» **How to complete this task**: When you repeat the entries below, keep each word exactly as it is and drop the pictures.

::::

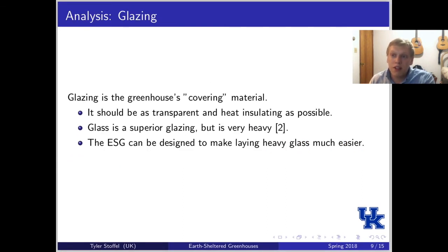The first analyzed parameter is glazing, which is the greenhouse's covering material. To make the most use of it, it needs to be as transparent and heat-insulating as possible. Glass is typically superior to other materials like polycarbonate or polyethylene, though the only problem with glass is that it's very heavy. One design bonus I've discovered is that in an earth-sheltered greenhouse, glass installation can be much easier because the structure is sunk into the ground, so you may not have to lift the glass as high compared to a traditional structure.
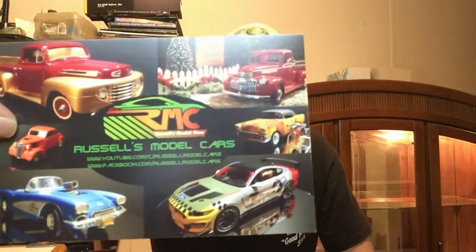From Russell at Russell's Model Cars. He sent me one of his shop cards — it's a really cool shop card. Thanks so much Russell, I am so sorry it took so long to get this out. It's got a really nice note on the back. Russell, I appreciate your support. I enjoy your channel man. Guys, go over and check out his channel — he built some really awesome and unique models, not just cars. He does other stuff too. Very talented builder.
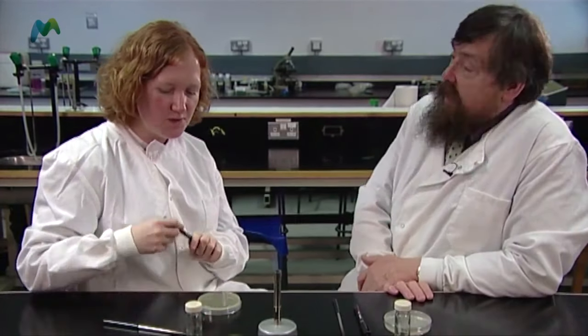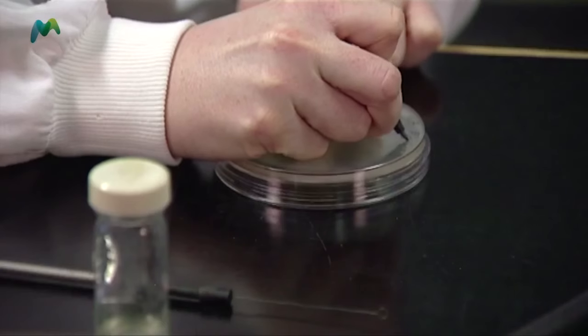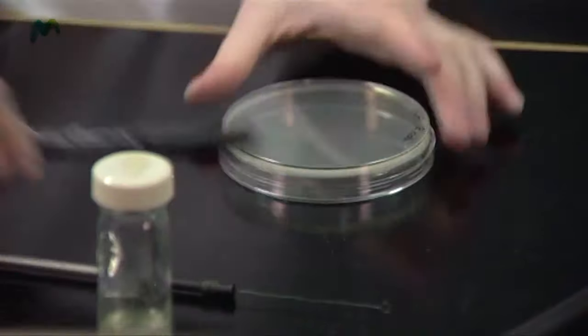I believe you've got a method of producing a streak plate and I've got a slightly different one, so I thought I'd watch how you do yours first. Before we start, I'm going to label my plate — I have an Escherichia coli plate, and I'll just label it with E. coli so we don't get the plates mixed up.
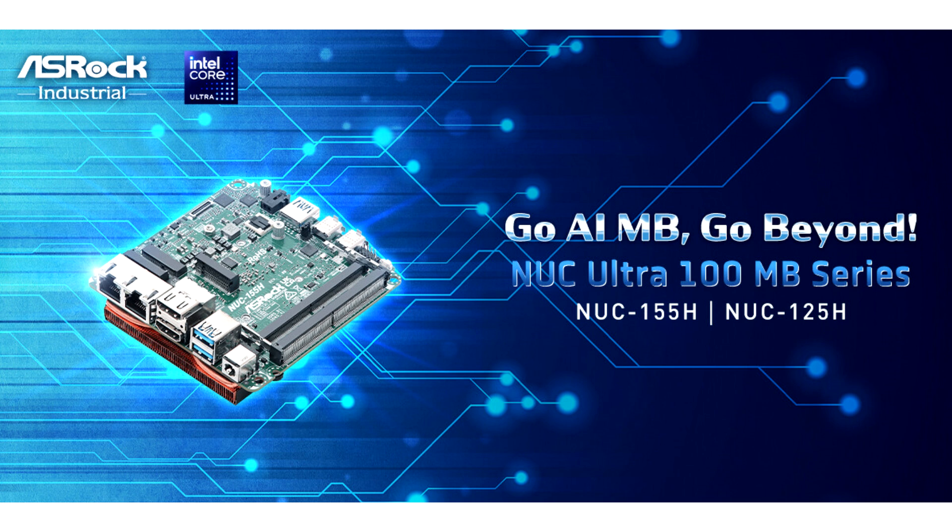The new KULTRA 100 motherboard series are designed in NUC form factor, providing 2x DDR5 5600MHz memory up to 96GB, triple storage, 4K Quad Displays, 2.5G Dual LAN, 1x USB4/Thunderbolt, and 4x USB 3.2 Gen 2.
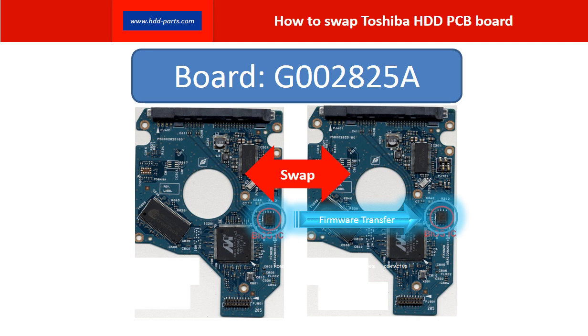Hello everyone. This is a tutorial on how to swap the hard drive PCB board.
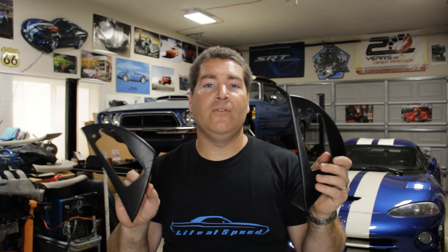What's going on everybody? For today's video, we're going to be talking about door bezels for your first and second gen Dodge Vipers.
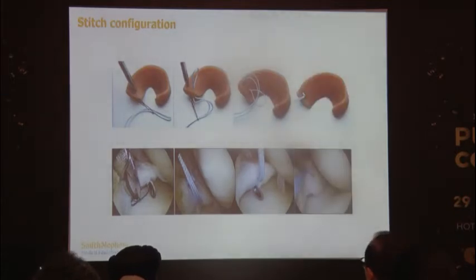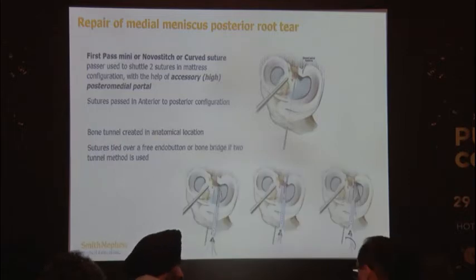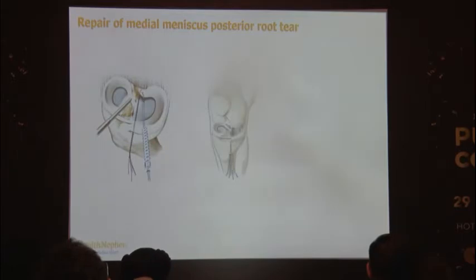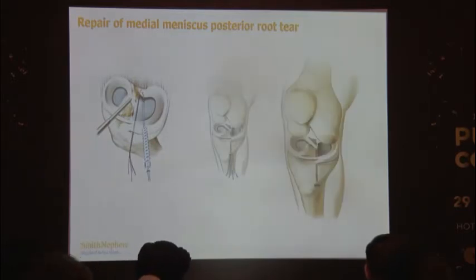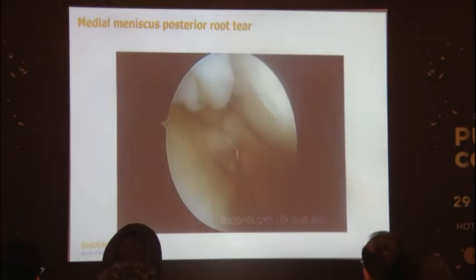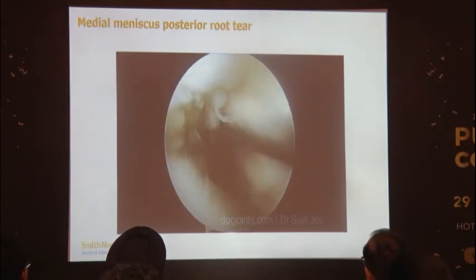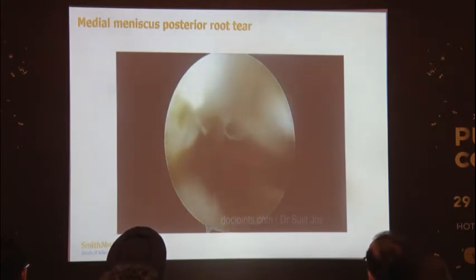Stitches are placed with an indirect suture-passing device or a direct device, or using no-suture instruments as demonstrated. The bone tunnel must be in the anatomical location, and pull-through sutures are placed to keep the root in position. In this video of the medial meniscus posterior root, we can see it is detached from the medial side, and the cartilage is good on both the femoral and tibial plateau sides.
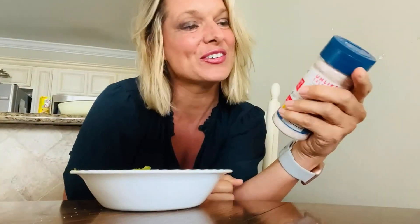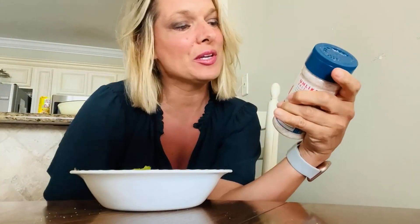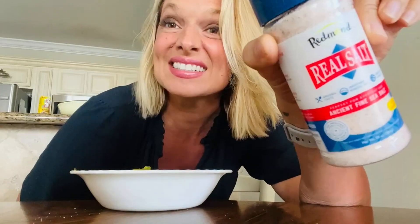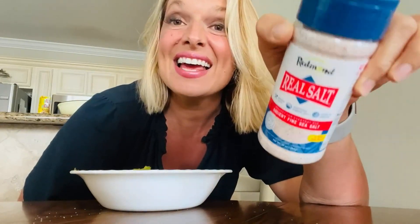Hi guys, it's Rachel. I wanted to review this Redmond Real Salt. It is ancient fine sea salt. You can see it's got that pink tint to it and it tastes so good.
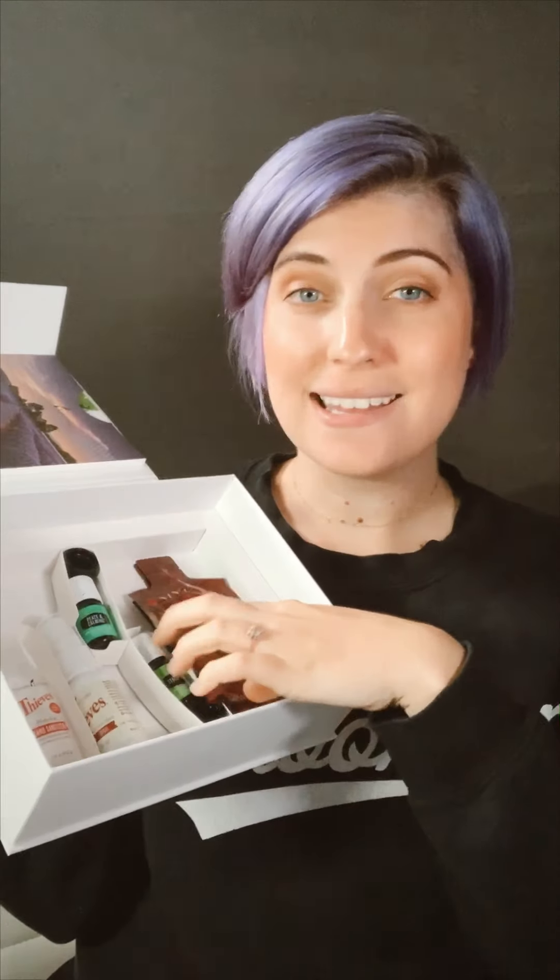You also get these great Ningxia Red singles — there's about two ounces in there, which is a great serving size. Put those in your refrigerator; I think it tastes better cold. So that's what you want to do when you get this set up.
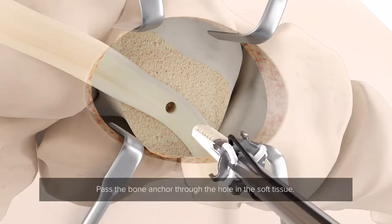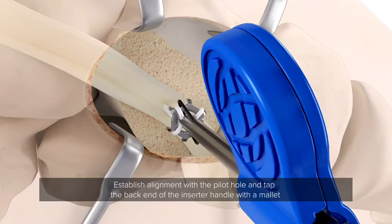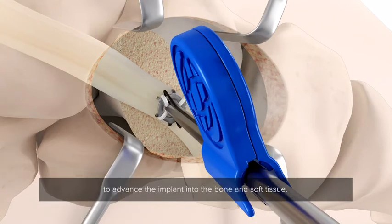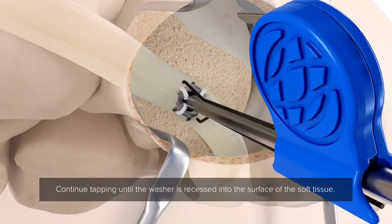Pass the bone anchor through the hole in the soft tissue. Register the distal tip of the bone anchor to the pilot hole in the bone. Establish alignment with the pilot hole and tap the back end of the inserter handle with a small mallet to advance the implant into the bone and soft tissue. Continue tapping until the washer is recessed to the surface of the soft tissue.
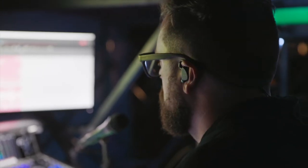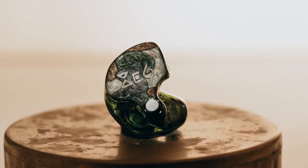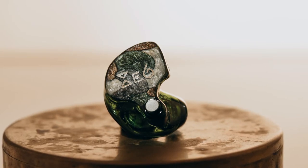Once I get those in there I just feel like they're not going anywhere, but the most important thing is that with these long rehearsal days we'll have them in for long hours of time and I'll just forget they're in there — they just feel comfortable.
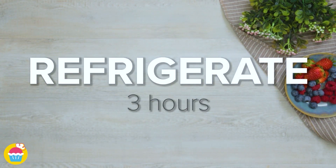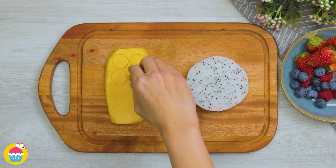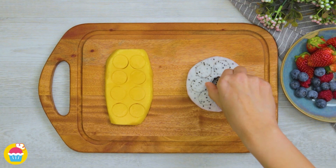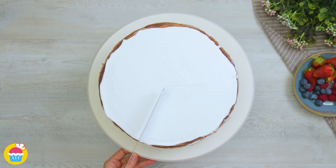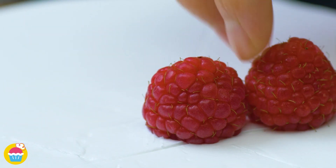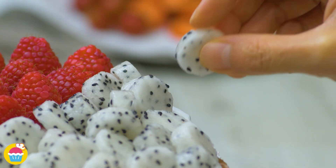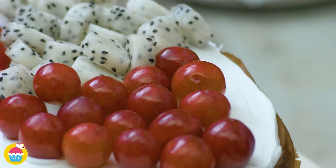Pop it in the refrigerator for three hours. Meanwhile, get your fruit and make cut-outs for decoration. Using a very small cookie cutter, cut circle shapes from mango and dragon fruit — you can use any fruits you like, chosen for their nice varying colours and textures. When the cake is ready, mark out sections along the top in the icing. In each section, place your fruit, starting with raspberries to cover that entire segment, then dragon fruit, and then red grapes — you could use green or black, or even a mixture.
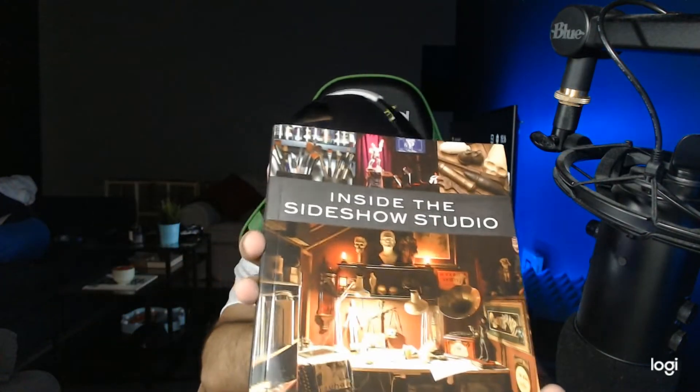Oh hey, look at that — a book inside, the Sideshow Studio book! That is really cool, I did not expect that, I did not order that. You get to see some of the artwork and how to create the figures — really really cool. It's like a catalog or menu — Sideshow Studio, a modern environment. That's the first thing I saw.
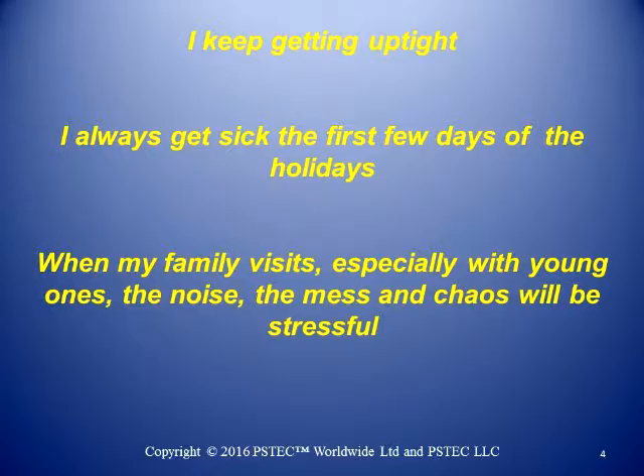Behind behaviors are often other reasons for getting uptight. It could be being around the family, the stress of buying things, having to spend money you don't think you have or don't want to spend, the crowds, all that kind of stuff. I always recommend looking for the core belief. Tim goes into quite a bit of detail in the PS Tech Negative tutorial on finding core beliefs and applying PS Tech Negative to those, versus just the ancillary branches or the ones caused by the core beliefs.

::::

» **Answer to the problem**:
The first analyzed parameter is glazing, which is the greenhouse's covering material. To make the most use of it, it needs to be as transparent and heat-insulating as possible. Glass is typically superior to other materials like polycarbonate or polyethylene, though the only problem with glass is that it's very heavy. One design bonus I've discovered is that in an earth-sheltered greenhouse, glass installation can be much easier because the structure is sunk into the ground, so you may not have to lift the glass as high compared to a traditional structure.
From Russell at Russell's Model Cars. He sent me one of his shop cards — it's a really cool shop card. Thanks so much Russell, I am so sorry it took so long to get this out. It's got a really nice note on the back. Russell, I appreciate your support. I enjoy your channel man. Guys, go over and check out his channel — he built some really awesome and unique models, not just cars. He does other stuff too. Very talented builder.
I believe you've got a method of producing a streak plate and I've got a slightly different one, so I thought I'd watch how you do yours first. Before we start, I'm going to label my plate — I have an Escherichia coli plate, and I'll just label it with E. coli so we don't get the plates mixed up.
The new KULTRA 100 motherboard series are designed in NUC form factor, providing 2x DDR5 5600MHz memory up to 96GB, triple storage, 4K Quad Displays, 2.5G Dual LAN, 1x USB4/Thunderbolt, and 4x USB 3.2 Gen 2.
Hello everyone. This is a tutorial on how to swap the hard drive PCB board.
What's going on everybody? For today's video, we're going to be talking about door bezels for your first and second gen Dodge Vipers.
Stitches are placed with an indirect suture-passing device or a direct device, or using no-suture instruments as demonstrated. The bone tunnel must be in the anatomical location, and pull-through sutures are placed to keep the root in position. In this video of the medial meniscus posterior root, we can see it is detached from the medial side, and the cartilage is good on both the femoral and tibial plateau sides.
Hi guys, it's Rachel. I wanted to review this Redmond Real Salt. It is ancient fine sea salt. You can see it's got that pink tint to it and it tastes so good.
You also get these great Ningxia Red singles — there's about two ounces in there, which is a great serving size. Put those in your refrigerator; I think it tastes better cold. So that's what you want to do when you get this set up.
Pass the bone anchor through the hole in the soft tissue. Register the distal tip of the bone anchor to the pilot hole in the bone. Establish alignment with the pilot hole and tap the back end of the inserter handle with a small mallet to advance the implant into the bone and soft tissue. Continue tapping until the washer is recessed to the surface of the soft tissue.
Once I get those in there I just feel like they're not going anywhere, but the most important thing is that with these long rehearsal days we'll have them in for long hours of time and I'll just forget they're in there — they just feel comfortable.
Pop it in the refrigerator for three hours. Meanwhile, get your fruit and make cut-outs for decoration. Using a very small cookie cutter, cut circle shapes from mango and dragon fruit — you can use any fruits you like, chosen for their nice varying colours and textures. When the cake is ready, mark out sections along the top in the icing. In each section, place your fruit, starting with raspberries to cover that entire segment, then dragon fruit, and then red grapes — you could use green or black, or even a mixture.
Oh hey, look at that — a book inside, the Sideshow Studio book! That is really cool, I did not expect that, I did not order that. You get to see some of the artwork and how to create the figures — really really cool. It's like a catalog or menu — Sideshow Studio, a modern environment. That's the first thing I saw.
Behind behaviors are often other reasons for getting uptight. It could be being around the family, the stress of buying things, having to spend money you don't think you have or don't want to spend, the crowds, all that kind of stuff. I always recommend looking for the core belief. Tim goes into quite a bit of detail in the PS Tech Negative tutorial on finding core beliefs and applying PS Tech Negative to those, versus just the ancillary branches or the ones caused by the core beliefs.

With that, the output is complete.